I have previous teaching experience but have been out for more than ten years. I've been back subbing now for seven days on and off, grades 2-4 so far. I'm finding that while I'm able to control the class as a whole, I'm having trouble with too many children wanting to tell me “important” things. When I was the regular teacher, I knew what was what, and there was no reason for kids to constantly have something important to tell me. But I find that as the sub, if I allow no “tips,” I miss something that really was important. If I allow individuals to tell me everything, I have an almost constant stream of children with something to tell me. I'd say one out of every ten things was something I really needed to know, and if I'd allowed no one to tell me anything, I'd have missed something important.

To try to quell this stream of “tips,” I tell the children we're going to follow the teacher's wonderful plans she left (so they're not telling me about X they always do on Tuesdays, etc.). But there's just no way I can think of to tell them what is important for them to tell me and what's not (until I hear it).

I do already quite often say, “hands down.” But because these are young kids, there are a lot of transitions which tends to be when the “tips” come in. Some of the “tips” are in the form of a question. I'm just exhausted beyond belief by all this. It takes too much time, too.

Examples: Starting to explain their complicated behavior system. Asking if we're going to gym. Asking if they can do X, Y, or Z that the teacher allows. Telling me they usually do this activity in pairs. Asking if they can go to the bathroom. Telling me they forgot the book at home. Telling me the teacher lets them take individualized comprehension tests on the computer throughout the day when they're done with their classwork early. Telling me they have a paper cut. Telling me they need to go now to Mrs. M for Resource.

Several of those were things I needed to know. Quite a few were unnecessary and just slow us down and wear me out since this goes on throughout the day. I would say I'm getting 10-20 tips and questions an hour. Maybe 1-3 were necessary.

A friend suggested I write out the schedule on the board to stop at least that type of question/tip.
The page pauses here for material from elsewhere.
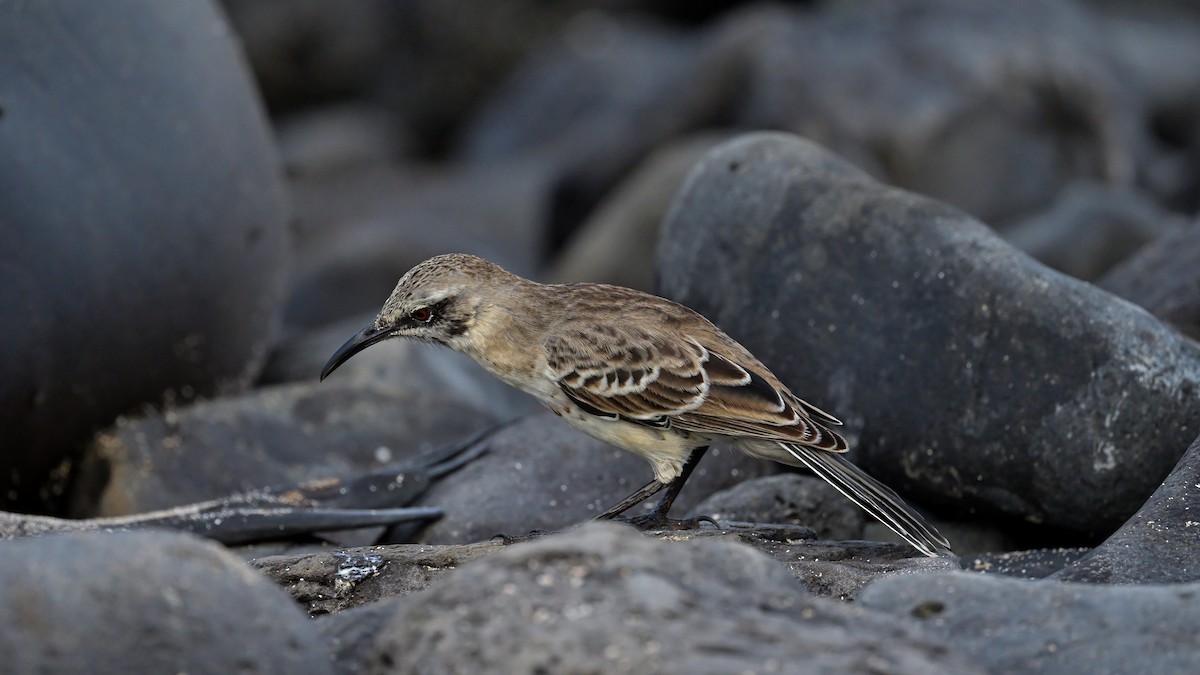 Española Mockingbird - ML644242841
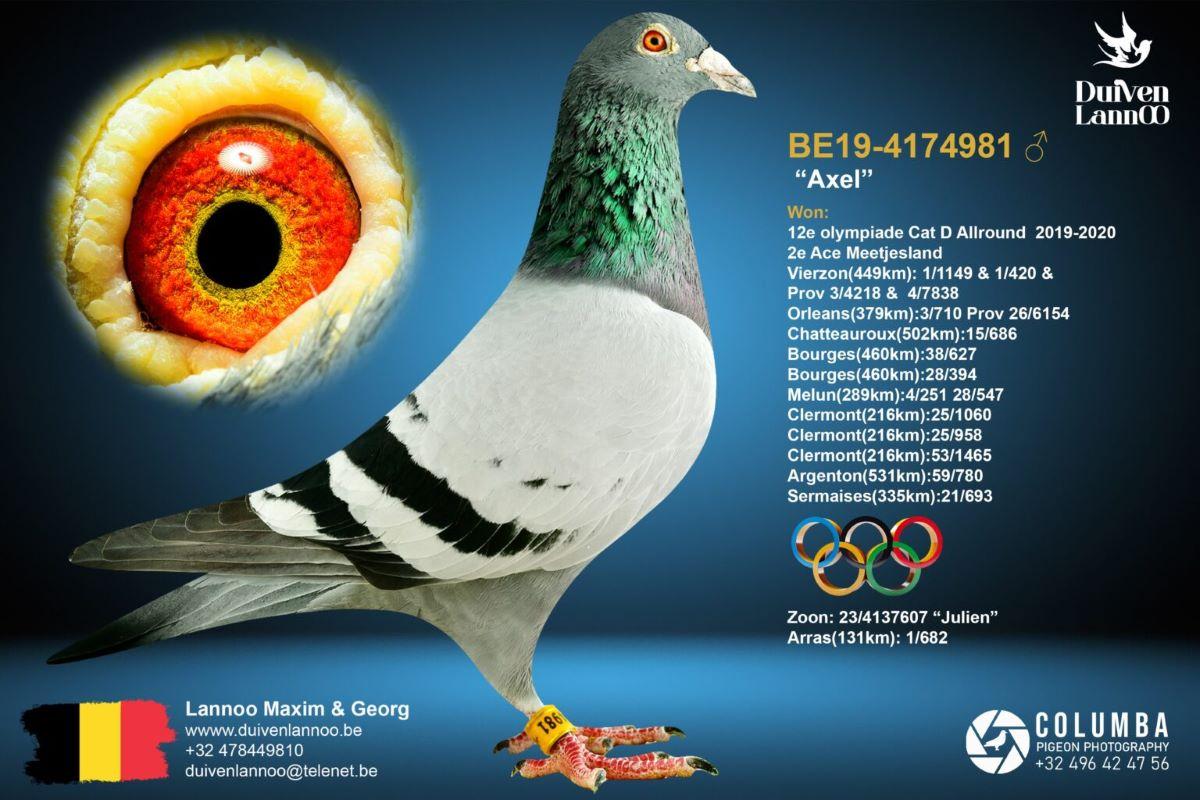 pitts-lannoo-pitts-be19-4174981-axel-foto.jpg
That would be great except I rarely have time (due to my morning schedule with my own family) or the board space to write out a schedule.

For me, this is such a problem it's ruining the day for me. I actually like the other aspects of subbing and wish I had the mental energy to listen to the occasional child tell me about their new puppy at home and that type of thing. But with so much of this going on all day, a sweet moment like that just becomes part of the barrage, so to speak.



Lori in Illinois

Hi Lori,

I understand exactly what you mean about the "tips". Students try to be helpful. Sometimes they try to outdo one another. Their "help" becomes another problem for you to manage.

I have a wonderful solution for you:

Choose a "special helper". That student will be by your side for most of the morning, as you navigate your way through the attendance and lunch count, morning routine, etc. By mid morning, you will be able to work without your helper, but he/she will be "on call" when you are unsure of a routine. Your special helper should be instructed to raise a quiet hand or signal you if you are making a huge mistake in procedure.

Be sure to tell the class that only the special helper may give you tips. That will stop the chaos.

Sometimes I like to choose 2 special helpers. They can work together, or one will be the morning helper, the other for the afternoon.

A colleague of mine has another spin on the special helper technique. She chooses one helper who is an obvious well behaved student, and the other will be a more difficult student. She asks them both to move their desks next to hers for the day. It is considered an honor, and usually that difficult student will want to rise to the occasion!

I know that this "tip" will make your day go more smoothly!